The referendum on Scottish independence may be two years away, but it has already been dominating Scottish political debate for almost as long.
Discussions on issues such as a hypothetical independent Scotland's status in Europe and its membership of Nato have taken centre stage, relegating the ongoing business of government in Scotland to second rank. Questions of "what if" are eclipsing the reality of what is.
That may help to explain why there has been relatively little discussion of the major change to Scots' income tax arrangements which will come into force in April 2016 under the Scotland Act.
From that point onwards, about half of income tax will be raised by the Scottish Government and the rest at UK level, a move designed to make the Scottish Parliament more financially accountable.

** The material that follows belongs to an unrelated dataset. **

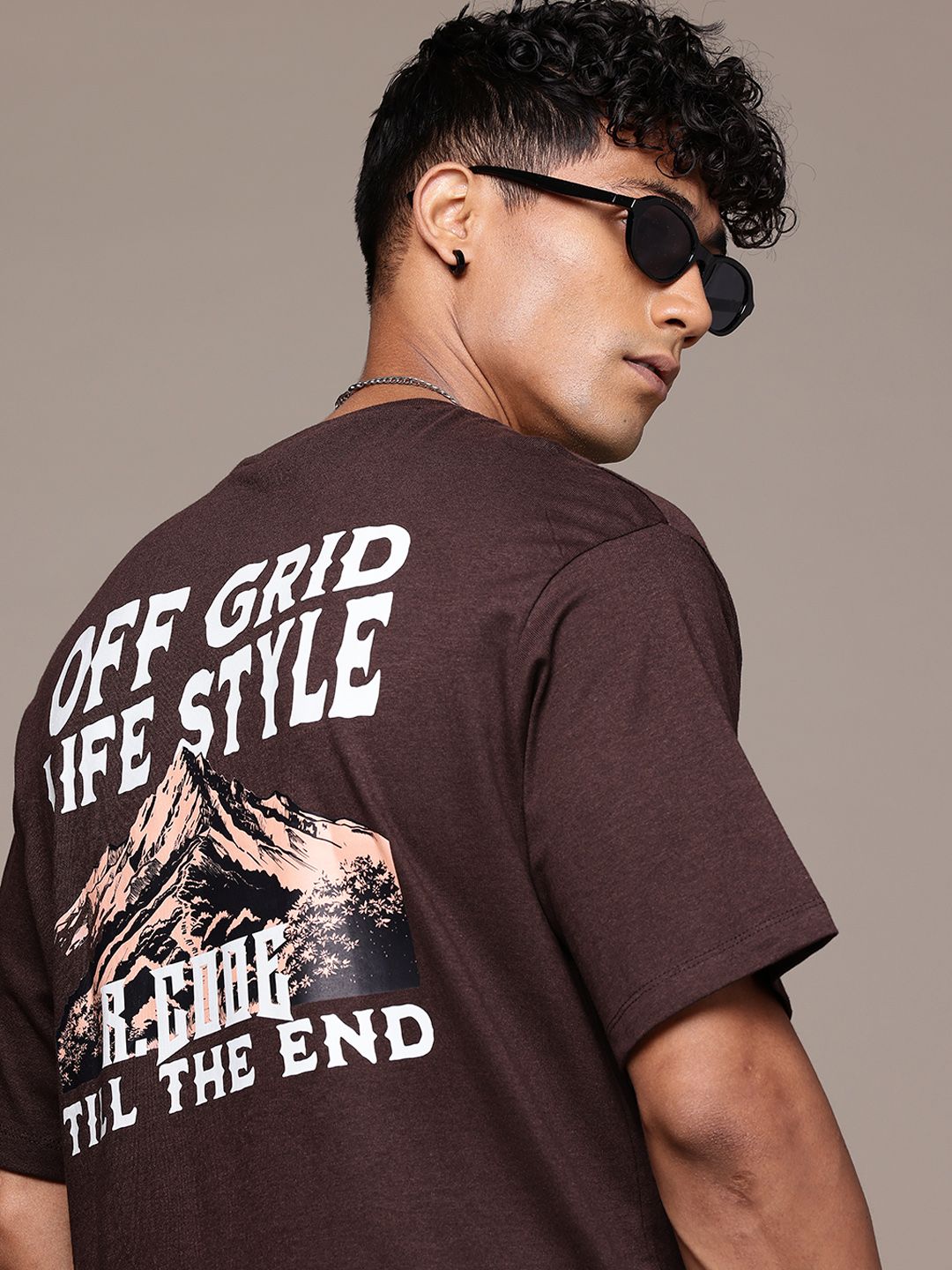 R.Code by The Roadster Life Co. Men Typography Printed Relaxed Fit T-shirt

HM Revenues & Customs (HMRC) have the task of setting up new computer systems to identify Scottish taxpayers and collect the new tax, and will be paid for doing so by the Scottish Government to the tune of £45 million, with ongoing maintenance costs of £4.5m a year thereafter. So far, so sensible.
Yet the inglorious history of large-scale public sector ICT projects – the busted budgets, technical problems and frayed nerves – should give pause for thought. Problems could arise. Having more complicated income tax arrangements for Scotland than for the rest of the UK could make for a more inefficient system of collection where Scots are concerned.
That is why Iain Gray, chairman of the Scottish Parliament's audit committee, is quite right to argue for special powers of oversight for Holyrood over HMRC in respect of this project, so that HMRC officials responsible for collecting Scots' taxes are directly answerable to Holyrood and the Scottish Government. This is the best way to ensure taxpayers are getting value for money.
Getting this right should be a priority for those on both sides of the political divide. The SNP is less interested in the Scotland Act than the greater goal of independence, yet it is in the party's strategic interests to ensure the new tax system is as efficient as possible.
Even if Scots voted Yes in the referendum, the new system would likely be in force for some time and as voters weigh up which way to jump in that referendum, they are likely to be reassured if the transition to the new tax system is going smoothly; they may have serious doubts about the much greater challenges posed by independence, however, if it is not.
If Scotland votes No to independence, meanwhile, this is the system of taxation Scotland is likely to be using for many years to come.
Whatever the outcome of the independence referendum, a well-managed tax system post-2016, one which is responsive and accountable to the Scottish Parliament, is in the best interests of the Scottish people.